Task material:
____

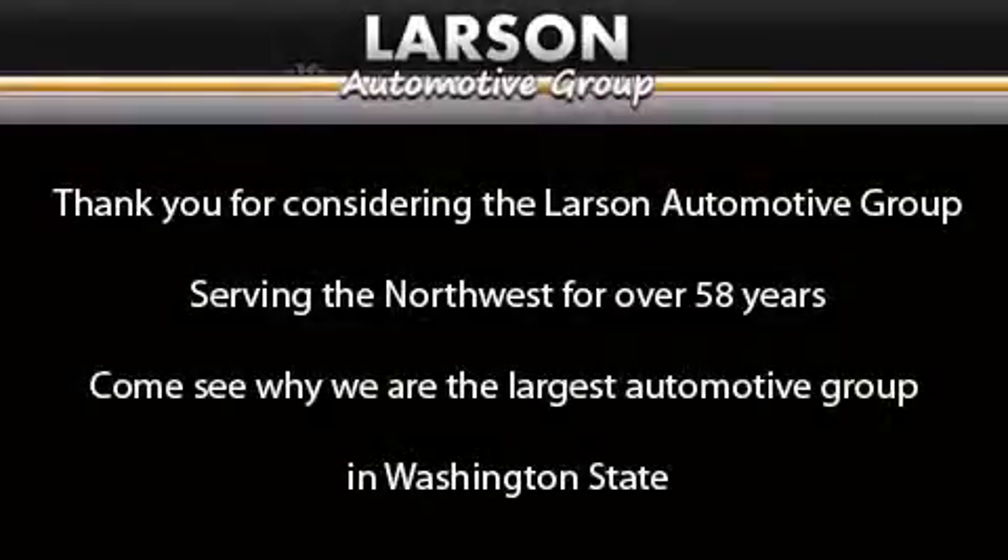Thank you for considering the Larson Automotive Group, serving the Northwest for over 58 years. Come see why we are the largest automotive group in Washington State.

____

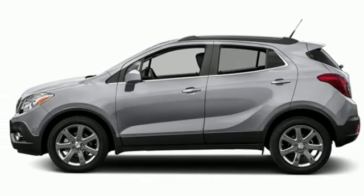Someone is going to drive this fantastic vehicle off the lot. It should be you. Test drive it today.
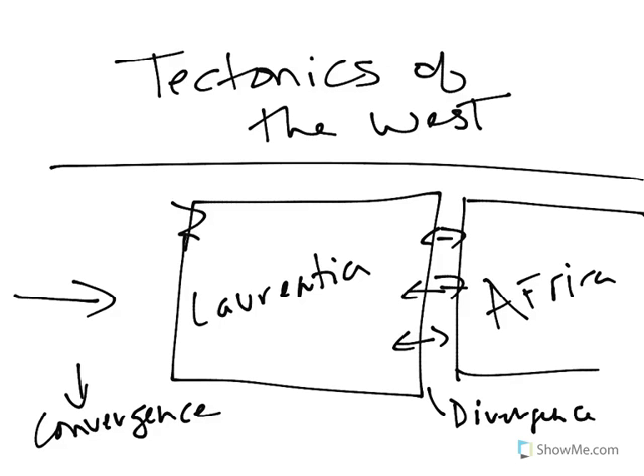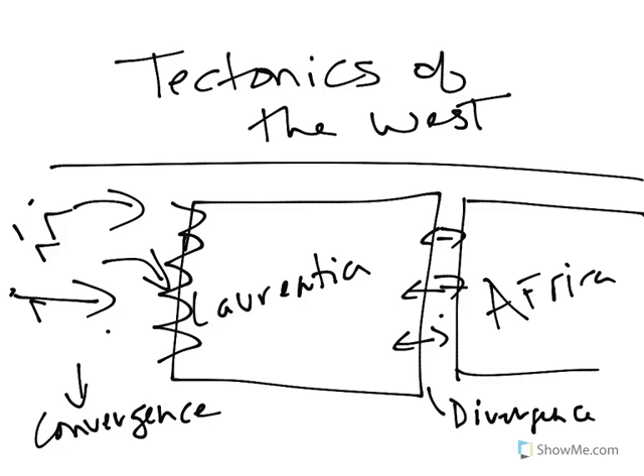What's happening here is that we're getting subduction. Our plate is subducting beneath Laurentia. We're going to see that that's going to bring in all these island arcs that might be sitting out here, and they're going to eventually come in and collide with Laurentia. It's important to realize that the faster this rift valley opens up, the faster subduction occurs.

____

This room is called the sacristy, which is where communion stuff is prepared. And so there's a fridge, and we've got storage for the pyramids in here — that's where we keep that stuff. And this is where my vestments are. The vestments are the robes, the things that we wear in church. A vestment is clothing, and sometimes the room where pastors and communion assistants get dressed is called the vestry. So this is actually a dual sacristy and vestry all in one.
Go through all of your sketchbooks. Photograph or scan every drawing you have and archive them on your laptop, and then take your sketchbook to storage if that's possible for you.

____

Exercise details: In the entries above, identify every line with the string "storage".

Response below:
This room is called the sacristy, which is where communion stuff is prepared. And so there's a fridge, and we've got storage for the pyramids in here — that's where we keep that stuff. And this is where my vestments are. The vestments are the robes, the things that we wear in church. A vestment is clothing, and sometimes the room where pastors and communion assistants get dressed is called the vestry. So this is actually a dual sacristy and vestry all in one.
Go through all of your sketchbooks. Photograph or scan every drawing you have and archive them on your laptop, and then take your sketchbook to storage if that's possible for you.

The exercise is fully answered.